Link zur Facebook-Veranstaltung

Inhaltliches:
Die Klassenjustiz als ein politisches Instrument der Unterdrückung einer Klasse seitens der Anderen ist historisch sowie aktuell in der imperialistischen Weltordnung eine Repressionsausübung in ihren unterschiedlichsten Formen gegen linke, revolutionäre und KommunnistInnen. In Deutschland findet sich der Ursprung des §129 tiefgehend in der Gründung des deutschen Reiches und waren die Stütze der politischen Verfolgung gegen Sozialistinnen unter dem sog. „Sozialistengesetze“. Ihre komplette Verankerung als ein Staatsschutzinstrument in erster Linie waren die Verfahren in den 50er Jahren gegen die verbotene KPD und ihrer Nachfolgerorganisationen. 1976 wurde der Paragraph zur Höchstzeit der Verfahren gegen die RAF, wurde das Strafgesetzbuch dann um den § 129 a erweitert, der die Bildung einer sogenannten „terroristischen Vereinigung unter einer besonders hohe Strafandrohung (bis zu 10 Jahre) stellte. Diese Erweiterung diente sowohl eine kompletter Kriminalisierung von Personen und linken Strukturen. Verteidigungsrechte wurden Eingeschränkt in dem gesetzesnormen für die Verhinderungen von kollektiven Verteidigungsmöglichkeiten geschaffen wurden. Die Erweiterung des §129 führte ab 1976 zu einer Kriminalisierung und Zerschlagung von linken und revolutionären Strukturen in dem neben der Aktuellen Strafverfolgung Überwachung und Ausforschung von linken und revolutionären Strukturen, ausgehen durch die Etablierung von Repressionsapparate des Staates wurden linke Strukturen zwischen einzelnen Orten und Regionen in einer Permanent von Repression betroffen. Es ging nicht nur um eine konkrete Strafverfolgung sondern um die Ausforschung, Isolierung von Personen durch Verfolgung, Abhören und Wohnungsüberwachungen und etc.

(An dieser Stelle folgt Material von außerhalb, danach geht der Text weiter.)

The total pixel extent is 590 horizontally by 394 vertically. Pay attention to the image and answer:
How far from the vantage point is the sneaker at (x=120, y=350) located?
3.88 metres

Nach den Anschlägen vom 11.September 2001 galt es für die Architekten des Sicherheitsstaates keine Zeit zu verlieren. Viele Projekte die bereits lange in den Schubladen von Polizei und Staatschutz lagen, konnten nun im Eiltempo umgesetzt werden. Am 30.08.2002 trat der § 129 b in Kraft, der sich gegen „kriminelle und terroristische Vereinigungen im Ausland“ richtet. Bei der Verabschiedung dieses neuen Gesetzes wurde, wie so oft, mit der Gefahr, die von islamistischen Gruppierungen ausgehend würde, argumentiert. Doch mittlerweile finden eine Vielzahl von Strafverfahren gegen in Europa lebende vermeintliche Mitglieder der PKK, ihrer Nachfolgerorganisationen sowie der Organisationen DHKP-C und TKP/ML statt. Während andere Straftatbestände an eine konkrete strafbare anknüpfen, findet bei den §129 a und b eine Vorverlagerung statt: die Strafbarkeit eines Handelns setzt bereits zu einem Zeitpunkt an, in der es noch nicht zu einer bestimmten strafbaren Handlung gekommen ist. Kriminalisiert wird nicht erst eine konkret geplante Tat sondern bereits die „rechtsfeindliche Gesinnung“. Polizeilich orientiertes Sicherheitsstrafrecht verdrängt zentrale individuelle Freiheitsrechte. Gleichzeitig sind die verschiedenen Tatbestandsvoraussetzungen von einer so großen Allgemeinheit und Unbestimmtheit, dass die Tragweite und der Anwendungsbereich dieser Normen kaum verstehbar und willkürlich interpretierbar sind. Und vergeblich wartet man auf eine Definition von dem, was eigentlich als terroristisch bezeichnet wird. Der sogenannte „Münchner Kommunistenprozess“ zeigte in den letzten 3 Jahren allein dass es um tages – und machtpolitisch geprägte Entscheidungen der jeweils Herrschenden geht.